The additive operations in the two models are defined as follows:

*

*In the geometric model, the sum of two complex numbers, $\vec{v}$ and $\vec{w}$, is their vector sum, $\vec{v} + \vec{w}$, which is defined by the parallelogram law.

*In the symbolic model, the sum of two complex numbers, $a+ib$ and $c+id$, is defined to be $(a+c)+i(b+d)$.

The multiplicative operations in the two models are defined as follows:

*

*In the geometric model, the product of two complex numbers, $\vec{v}$ and $\vec{w}$, is the vector $\vec{z}$ with $\lvert \vec{z} \rvert = \lvert \vec{v} \rvert \cdot \lvert \vec{w} \rvert$ and $\angle \vec{z} = \angle \vec{v} + \angle \vec{w}$.

*In the symbolic model, the product of two complex numbers, $a+ib$ and $c+id$, is defined to be $(ac-bd)+i(ad+bc)$.


Now, what Needham actually shows in the first part is the following.
Consider the bijection $f \colon \mathbb{C}_{\mathsf{GEOM}} \to \{ a + ib : a, b \in \mathbb{R} \}$ given by $f(\vec{v}) = v_x + i v_y$, where $\vec{v}$ is the position vector of the point $(v_x, v_y)$, and the codomain is just the set of all expressions of the form $a+ib$ for $a, b \in \mathbb{R}$. Then, we can transport the structure of $\mathbb{C}_{\mathsf{GEOM}}$ onto the codomain by defining $(a+ib)+(c+id) = f(f^{-1}(a+ib)+f^{-1}(c+id))$ and $(a+ib) * (c+id) = f(f^{-1}(a+ib) * f^{-1}(c+id))$.
Then, Needham shows that the resultant structure on the codomain is precisely $\mathbb{C}_{\mathsf{SYMB}}$.
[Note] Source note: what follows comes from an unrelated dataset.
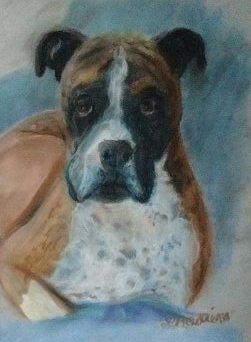 dog, canin, pet portraits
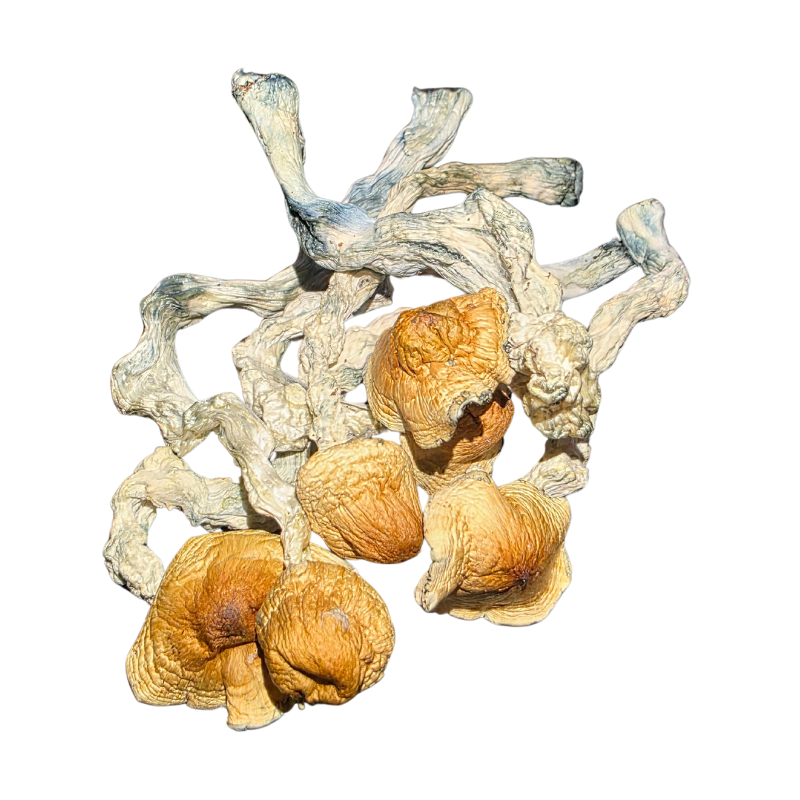 Golden Teacher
Similarly, in the second part Needham shows the following.
Consider the bijection $g \colon \mathbb{C}_{\mathsf{SYMB}} \to \{ \vec{v} = (v_x, v_y) : v_x, v_y \in \mathbb{R} \}$ given by $g(a + ib) = \vec{v}$, where $\vec{v}$ is the position vector of the point $(a, b)$, and the codomain is just the set of all position vectors in the plane. Then, we can transport the structure of $\mathbb{C}_{\mathsf{SYMB}}$ onto the codomain by defining $\vec{v} + \vec{w} = g(g^{-1}(\vec{v})+g^{-1}(\vec{w}))$ and $\vec{v} * \vec{w} = g(g^{-1}(\vec{v}) * g^{-1}(\vec{w}))$.
Then, Needham shows that the resultant structure on the codomain is precisely $\mathbb{C}_{\mathsf{GEOM}}$.

Consider the first part. (Let $\vec{\iota}$ be the position vector of the point $(0,1)$.) How does Needham show that the resultant structure is indeed $\mathbb{C}_{\mathsf{SYMB}}$?

*

*Note that $f(\vec{\iota}) = i$ by the definition of $f$.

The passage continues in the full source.